I read a lot of what was said in the meeting. Is it fair to say that this IND for the spinal cord therapy is actually going to be long, long, time away, sir, or am I just reading something else into this?
Tom Okarma
There have been comments in the analysis lay press that were, surprisingly to me, dower and predicted just as your question frames, that the FDA is very resistant to granting INDs generally in the field of human embryonic stem cells. While again I can't give you any specific commentary or color on our application, I can tell you that generally speaking, from multiple interactions face-to-face with the agency we do not detect any such resistance that is specific to ES cells or general about cell therapy.
There is a widespread notion that for example, the regulatory pathway for embryonic stem cells, be it IND approvals or product approvals, is somehow tortuous or undefined. And that is anything but the truth.
And that's coming from someone who's been in the cell therapy field for longer than I care to admit. So we do not in any shape, manner or form subscribe to the crepe hangers who are out there predicting that there is a higher bar for embryonic cell based therapies than for other kinds of cell or gene therapy.
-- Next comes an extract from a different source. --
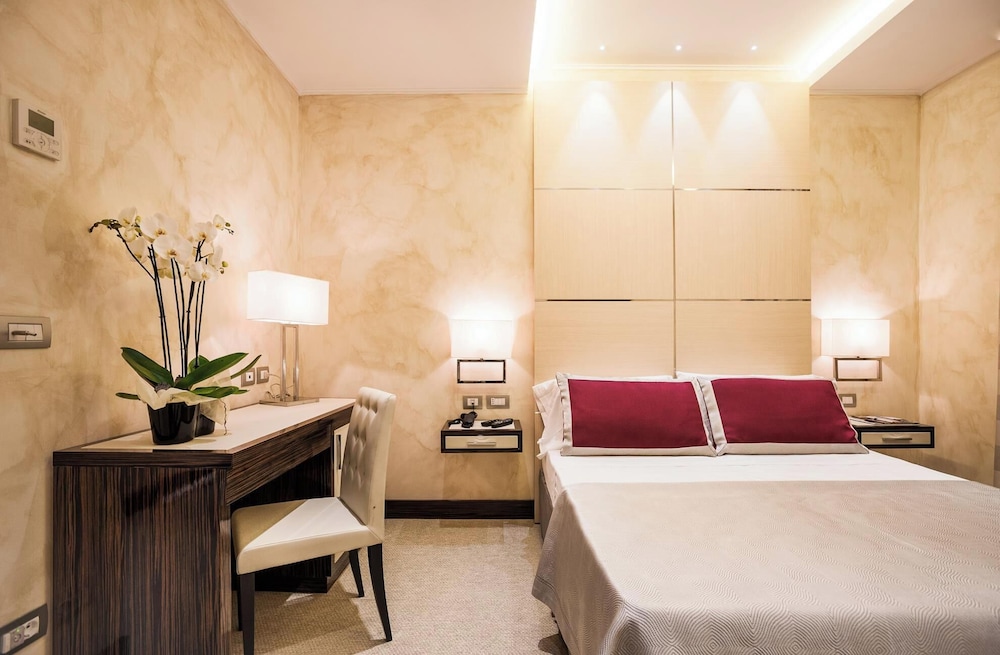 MAISON CANDIA LUXURY HOUSE 23/38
Now, having said that, there are of course unique issues surrounding embryonic stem cells and we are quite confident that we and our application have traversed them. So we do not see any generic or specific barriers to proceeding down the clinical pathway in the near-term with embryonic stem cells from Geron.
Al Pincus
Thank you.
Operator
(Operator Instructions).
Tom Okarma
Okay. Well I think if there are no other questions then we will bring today's conference call to a close.
Again, I thank you all very much for your good questions and for your participation. Have a good day.
Operator
Ladies and gentlemen, thank you for your participation in today's conference. This concludes the presentation.
You may now disconnect. Have a good day.